Peter, through much pain and suffering, has come to know the voice of Jesus the Good Shepherd; and Tabitha, being called by name, is resurrected into the risen life of Jesus. They are following where Jesus has led.
The “where” of where Jesus leads is into the resurrection. We see here that resurrection is not just something that happened to Jesus because he was special, but that the resurrection is something that happens to each of us as we follow Jesus, the Good Shepherd, where he leads. The “where” of where Jesus leads is into resurrection.
Now, if the concept of resurrection leaves you scratching your head and feeling a little bit baffled, you are in good company. We witness, along with the disciples, resurrection happening before our very eyes, and yet we can hardly believe our eyes. We sense that resurrection is not merely some eureka moment, not just some intellectual insight, but the speaking of our name, the taking of our hand, a fully sensorial experience of new life.

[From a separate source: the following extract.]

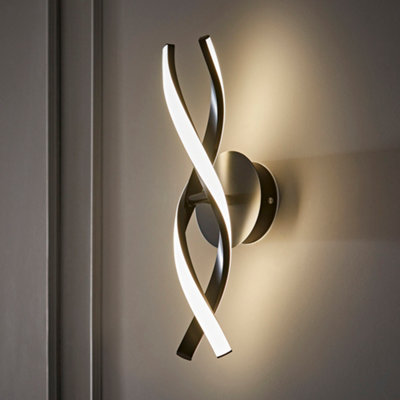 ValueLights Infinity Matte Black Twist Helix IP44 Rated Bathroom Integrated LED Wall Light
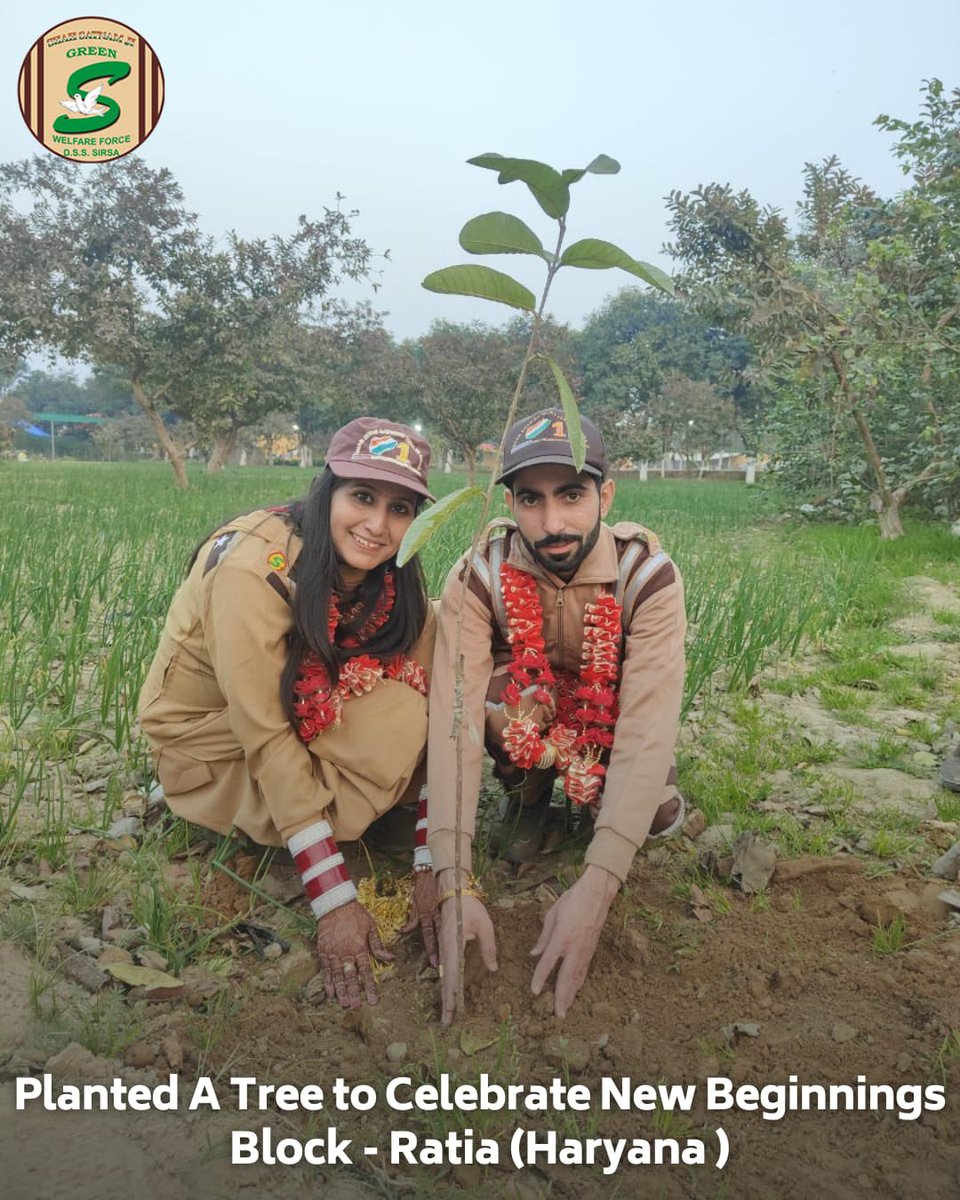 GreenSwelfares's tweet photo. Embracing new beginnings with a green heart! Shah Satnam Ji Green 'S' Welfare Force Wing volunteers celebrated a birthday with a pledge to the environment through tree plantation. Similarly, a newlywed couple marked the start of their life together with the same noble act, planting the seeds for a future as nurturing as nature itself. #CelebrationWithWelfare  #TreePlantation🌳 #DeraSachaSauda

The life of Jesus – even and especially in his resurrection – has a wonderful physicality to it. The disciples touch the physical wounds of Christ, they eat fish and break bread with him on the beach. So, too, our experience of the resurrection will not be contained in thinking deep thoughts, our experience of the resurrected Christ will be in bread and wine blessed, broken, and given for us. Our experience of the risen Christ will be in our embrace of one another, proclaiming the the gospel in word and deed, continuing the incarnated resurrection of the Body of Christ.
If we find that we don’t “get” the resurrection, perhaps it is because following the Good Shepherd is less about thinking deep thoughts, and more like learning to swim by being thrown into the deep end. The truth is, resurrection typically involves drowning. In the deep waters of baptism, we are buried with Christ, and raised to newness of life. “So, also, consider yourselves dead to sin,” the Apostle Paul writes, “and alive in Jesus Christ our Lord.” Your resurrection may not be complete, but it has already begun. You, me, and God’s entire creation is a work in progress.
When we are faced with an opportunity to forgive someone, or confronted with Jesus “in the least of these” will we know how to respond because we have been practicing resurrection? Will we fully absorb the words and taste the Lord’s resurrection in the Eucharist? Will we translate the liturgy into our living, the resurrection into reality?
What we do here in this sacred space is a template for our living out there in the world. What we do here matters profoundly, and has consequences for us beyond these doors. These words of blessing, grace, and peace that are spoken to us here, we are meant to speak to a world that is yearning to be heard. Practicing resurrection translates fear into hope, dominance into cooperation, anxiety into trust. The voice of Jesus, the Good Shepherd, speaks words of healing that make resurrection a reality.
In order to get up – to be resurrected – and go, we must first listen for the Good Shepherd, calling us each by name, and then follow out to where he leads.
May the risen life of our Lord be translated into the risen life of you, who are resurrected by name. Go forth in the name of Christ. Go forth in the name of the Good Shepherd, following where he leads. Alleluia, alleluia.